[Stored entries]

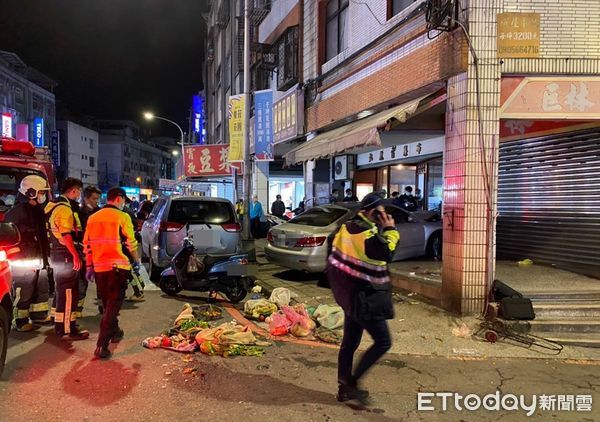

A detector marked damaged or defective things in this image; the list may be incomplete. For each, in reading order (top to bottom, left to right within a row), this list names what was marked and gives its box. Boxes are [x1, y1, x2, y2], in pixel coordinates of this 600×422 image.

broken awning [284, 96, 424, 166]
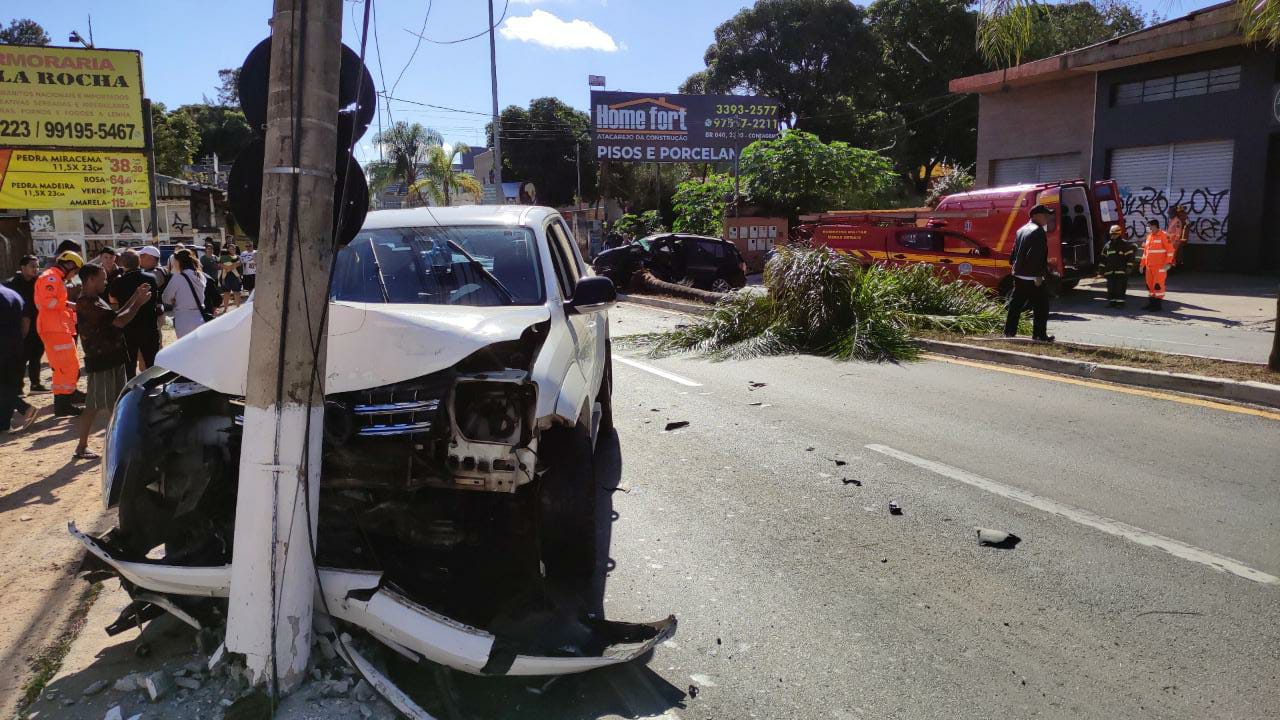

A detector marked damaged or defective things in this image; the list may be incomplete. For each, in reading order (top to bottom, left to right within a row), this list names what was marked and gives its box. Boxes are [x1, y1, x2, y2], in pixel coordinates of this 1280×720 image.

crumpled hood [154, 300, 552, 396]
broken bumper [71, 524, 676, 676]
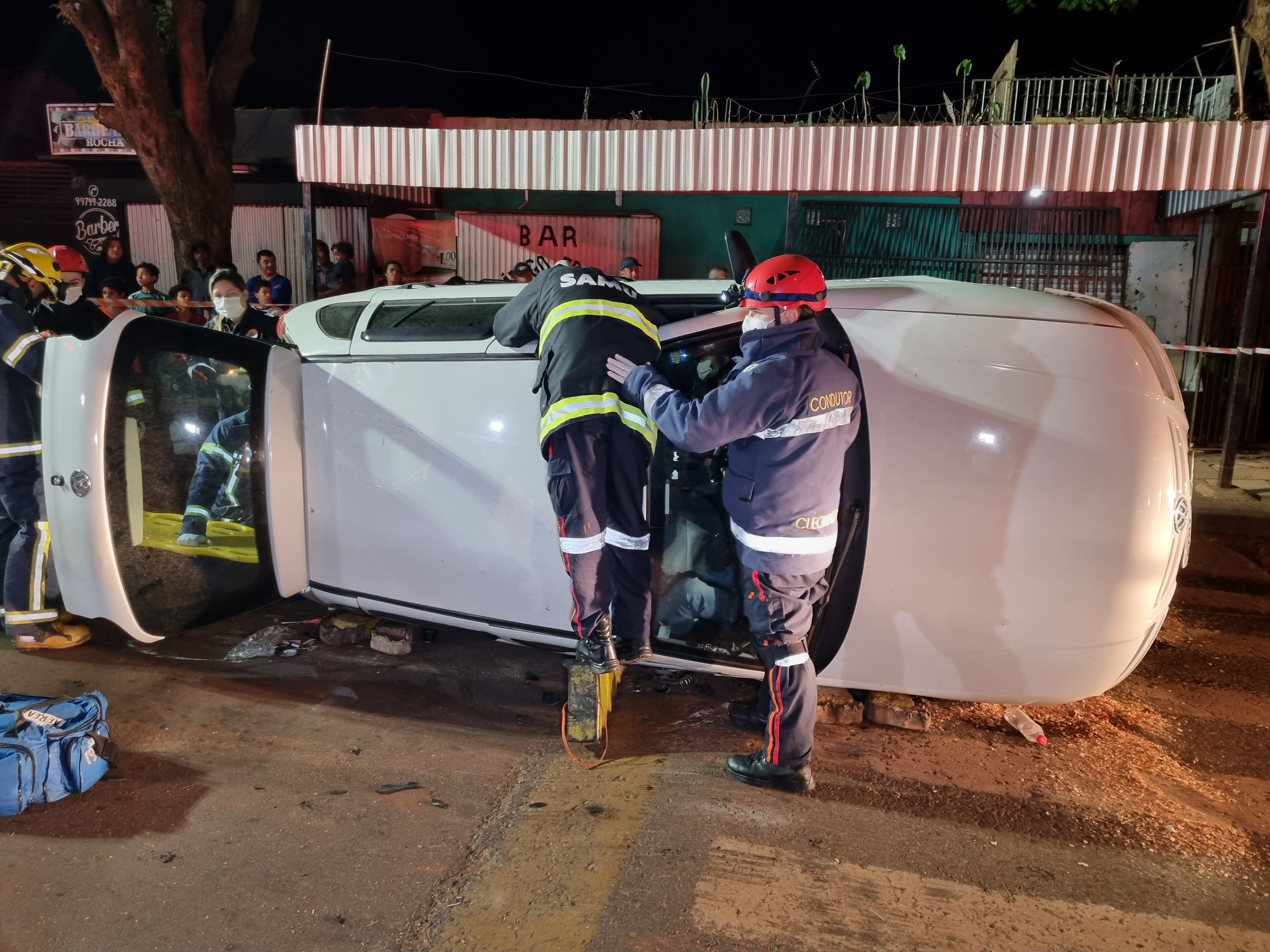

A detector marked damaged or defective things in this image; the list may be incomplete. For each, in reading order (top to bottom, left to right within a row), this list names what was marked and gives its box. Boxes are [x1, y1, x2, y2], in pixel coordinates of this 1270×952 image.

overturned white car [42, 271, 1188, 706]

▶ WORK TASK: Copy each line exactly, beginning at the one with "this 1270×952 image." and stopping after the last line of the entries. Include nothing else.

▶ FINISHED TASK:
A detector marked damaged or defective things in this image; the list may be incomplete. For each, in reading order (top to bottom, left to right within a row), this list names what was marked and gives its box. Boxes are [x1, y1, x2, y2], in pixel coordinates of this 1270×952 image.

overturned white car [42, 271, 1188, 706]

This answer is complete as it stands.